As of a few weeks ago(and all time up until then) Final Fantasy 7 had been my favorite of all time. Favorite Video Game, that is.
Recently, I've been playing Final Fantasy VIII. I'm on the third disc.
I'm really contemplating whether VII or VIII is my favorite.
VIII has such a heart touching story line, and music. VII does too, But I've been very sad about VIII lately. I mean, I'm in good shape, and I have good Mental / Social health, but The game is honestly making me really sad.
It's so heart touching.
I mean, How Squall is learning how to become more sensitive and he learns that he's always going to have his friends there for him,
and the relationship between him and Rinoa,
and How Laguna loves Ellone and Raine so much.
I always listen to the song "Fragments of Memories" which plays when Laguna is in Winhill(I believe it's the Third "dream world" experience).

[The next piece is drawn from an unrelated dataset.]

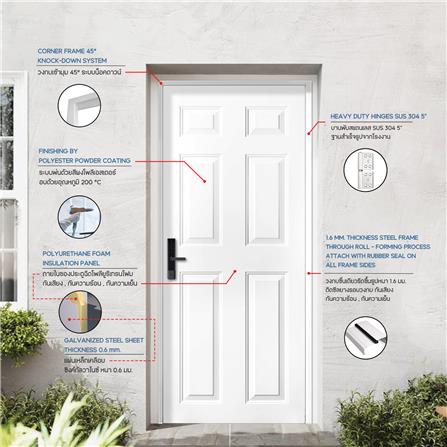 ประตูภายนอกเหล็ก เจาะลูกบิด PROFESSIONAL DOOR A2W 89.2x199.4 ซม. สีขาว_5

I'm honestly really sad. I've really really wanted to come to someone and tell them about how I felt, But knowing my group of friends(who are , when I think about it, pretty shady) they would probably just laugh at me and think I was strange.
I can't help it though. I'm so emotionally attached to the story and the characters. I wish it was real.
Maybe I sound strange. I'm sorry guys. But You're all obviously here because you share the same interest that I do : Creation. Whether it's music, gaming, RGSS, writing, or anything along those lines. You're here because you like one of those or you like helping the people that do like those types of things. It saddens me, too, because I really wish that I had friends like you guys , where I could talk about these kinds of things to and not be judged for it. I know that VIII has an ultimate happy ending, but still, Listening to the Music from the game makes me really sad and I reflect on my life and how it's not been going so good.
What are you opinions? On the game and on the way I feel?